▶ _GIVEN INFORMATION_
##########

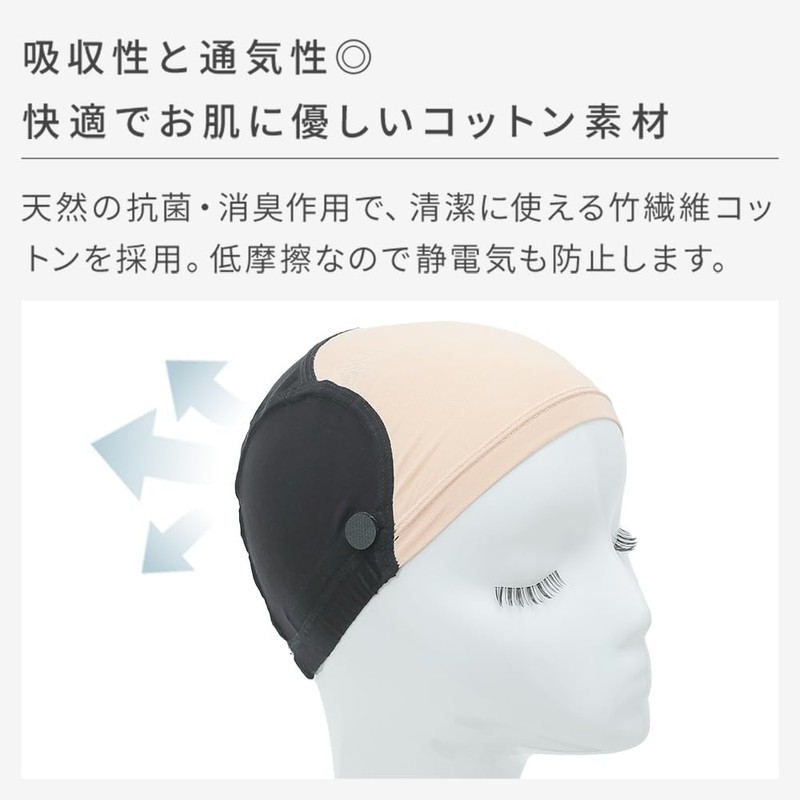 AQUADOLL wgn055 Wig, Adjustable Size, Inner Cap Compatible with Lace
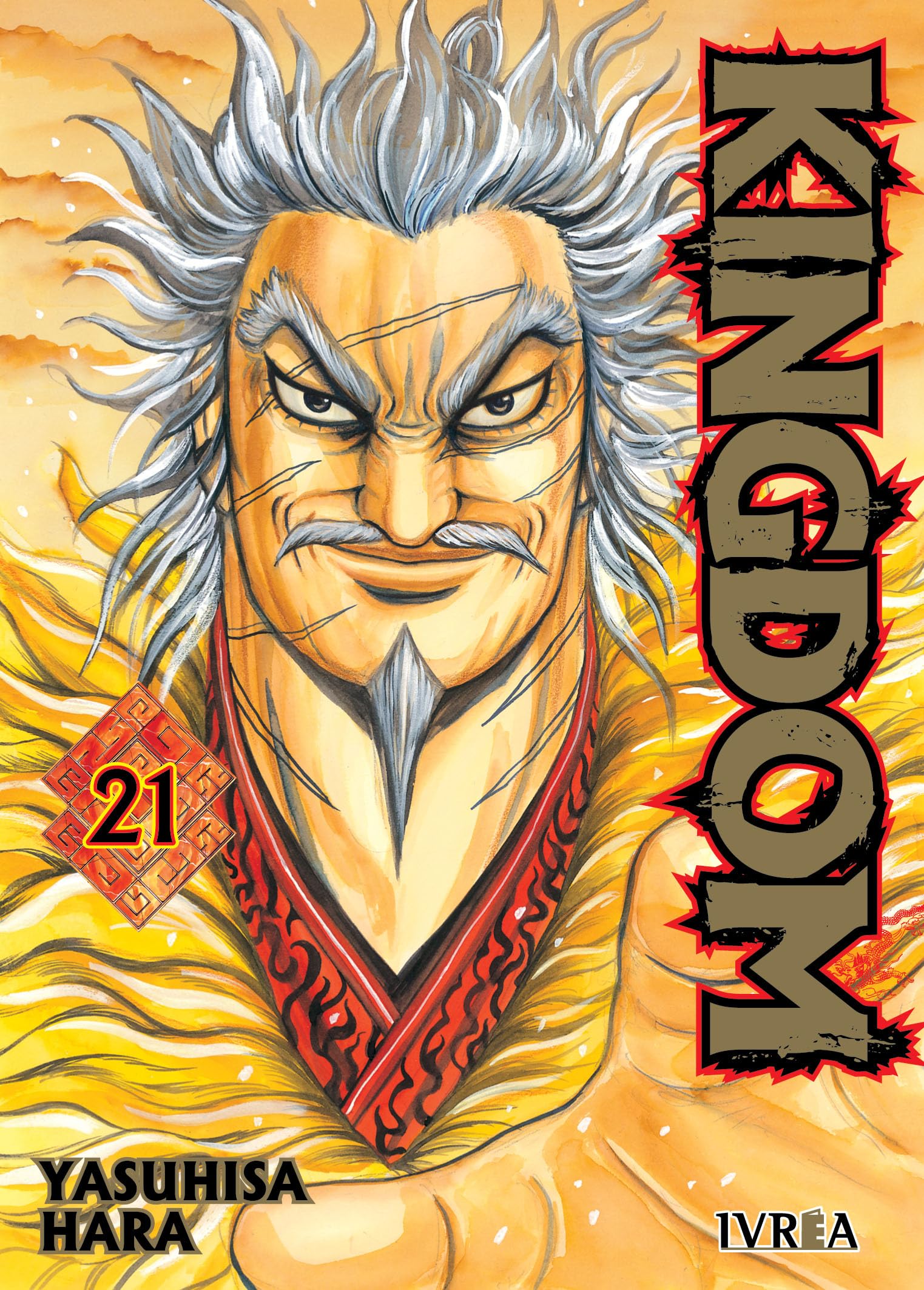 Libro: Kingdom 21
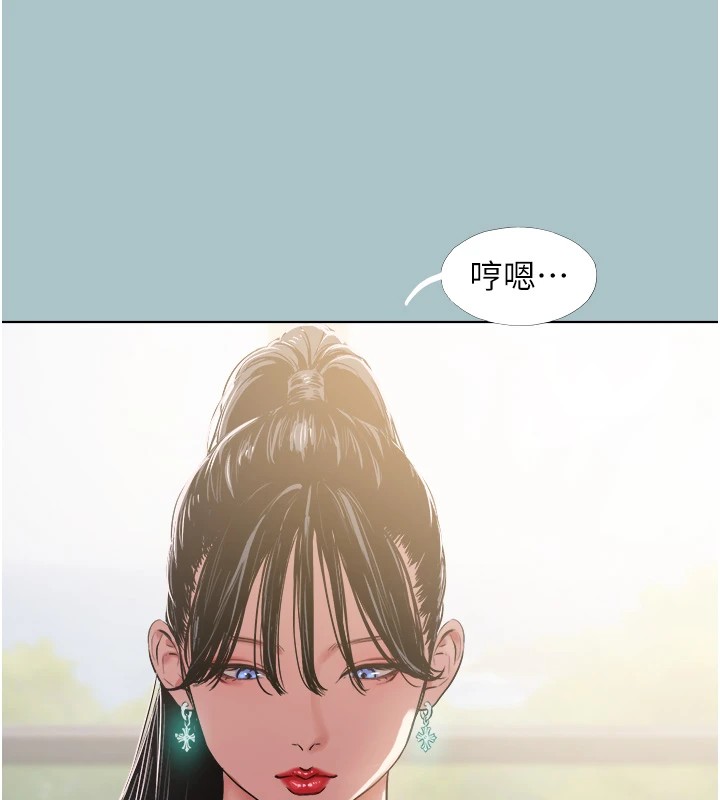 不要恋爱要打炮第1话-恋爱X打炮O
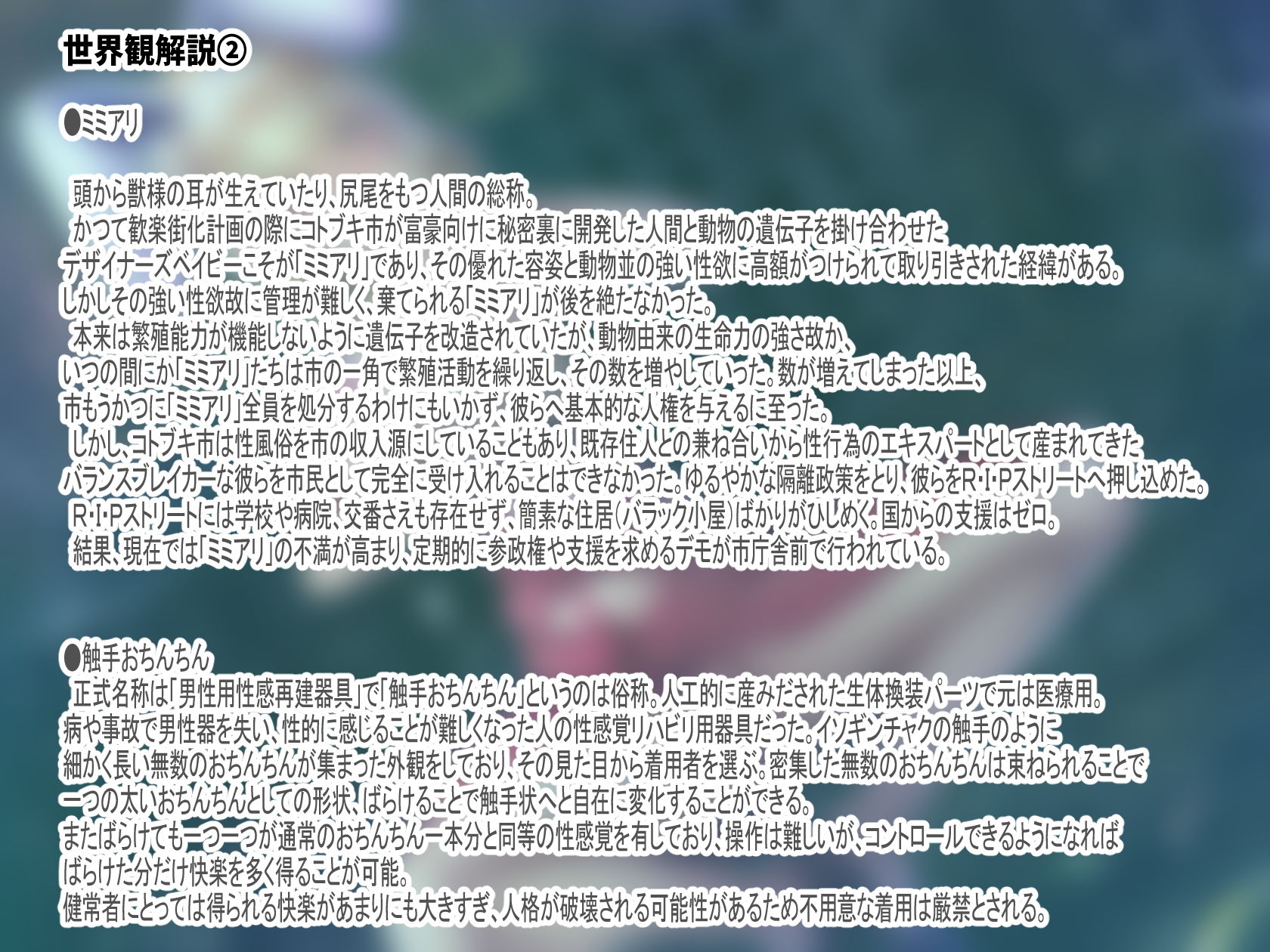 【TS】近未来催●・性転換スラム〜この生体プリンターで 貴方の体は亜人の娼婦に…〜 サンプル5ページ目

##########

▶ _WORK TASK_
Verbatim output, no pictures: the line holding "不要恋爱要打炮第1话-恋爱X打炮O" and all lines after it through the last line of the material, with nothing else.

▶ _OUTPUT FOR THIS TASK_
 不要恋爱要打炮第1话-恋爱X打炮O
 【TS】近未来催●・性転換スラム〜この生体プリンターで 貴方の体は亜人の娼婦に…〜 サンプル5ページ目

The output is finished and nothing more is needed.